Não posso deixar de mencionar o Acordo Mercosul – União Europeia, que acredito ser um dos elementos com maior potencial para atuar como divisor de águas em nossa relação comercial e de investimentos. Também nesse plano, Brasil e Portugal caminham de mãos dadas. Entre os países europeus, Portugal tem sido um dos maiores defensores do acordo.
Além da convicção em torno dos benefícios económicos esperados do acordo, nossos países compartilham a visão de que ele terá relevantes consequências geopolíticas, ao fortalecer a histórica relação entre a Europa e a América Latina, contribuindo para um sistema internacional baseado em regras.
Nossa promissora parceria se desenvolve num contexto em que os dois países continuam a trabalhar para promover reformas e um quadro de estabilidade fiscal, fundamental para alavancar investimentos públicos e privados, sem descuidar da dimensão social.
O Brasil estabeleceu um arcabouço fiscal sustentável, que aumentou a confiança do mercado e permitiu o início da queda dos juros, aprovou no Senado Federal, no último dia 8, a reforma tributária, que voltou para a Câmara e esperamos promulgar ainda este ano, e retomou programas sociais históricos como o Bolsa Família e o Minha Casa Minha Vida.
Atribui-se a Santos Dumont, pai da aviação e patrono da Aeronáutica do Brasil, a ideia de que o avião não foi uma invenção, mas uma descoberta, uma vez que sempre foi possível voar.
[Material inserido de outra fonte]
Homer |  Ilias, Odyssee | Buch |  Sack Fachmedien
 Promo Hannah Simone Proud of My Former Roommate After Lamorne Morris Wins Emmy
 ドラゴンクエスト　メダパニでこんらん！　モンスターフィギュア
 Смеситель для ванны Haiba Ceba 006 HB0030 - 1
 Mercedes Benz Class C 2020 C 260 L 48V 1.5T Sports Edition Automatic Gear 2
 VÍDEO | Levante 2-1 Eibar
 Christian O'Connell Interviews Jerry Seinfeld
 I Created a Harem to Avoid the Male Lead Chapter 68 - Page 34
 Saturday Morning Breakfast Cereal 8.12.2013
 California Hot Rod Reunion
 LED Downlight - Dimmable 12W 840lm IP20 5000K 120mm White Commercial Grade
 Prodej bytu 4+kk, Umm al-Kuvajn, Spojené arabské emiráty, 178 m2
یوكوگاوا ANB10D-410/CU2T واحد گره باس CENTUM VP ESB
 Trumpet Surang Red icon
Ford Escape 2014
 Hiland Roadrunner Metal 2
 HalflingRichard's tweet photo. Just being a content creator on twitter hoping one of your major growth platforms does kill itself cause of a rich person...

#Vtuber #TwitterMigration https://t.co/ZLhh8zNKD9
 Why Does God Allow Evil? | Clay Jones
É inevitável associar a reflexão do célebre brasileiro com os feitos dos grandes navegadores, que eternizaram Portugal na História como ator fulcral no período dos descobrimentos.
A associação também suscita a visão de que talvez tenhamos muito mais em comum do que costumamos perceber e de que, juntos, nosso aporte à Humanidade poderá ser muito maior do que nossos antepassados e nós jamais imaginaríamos.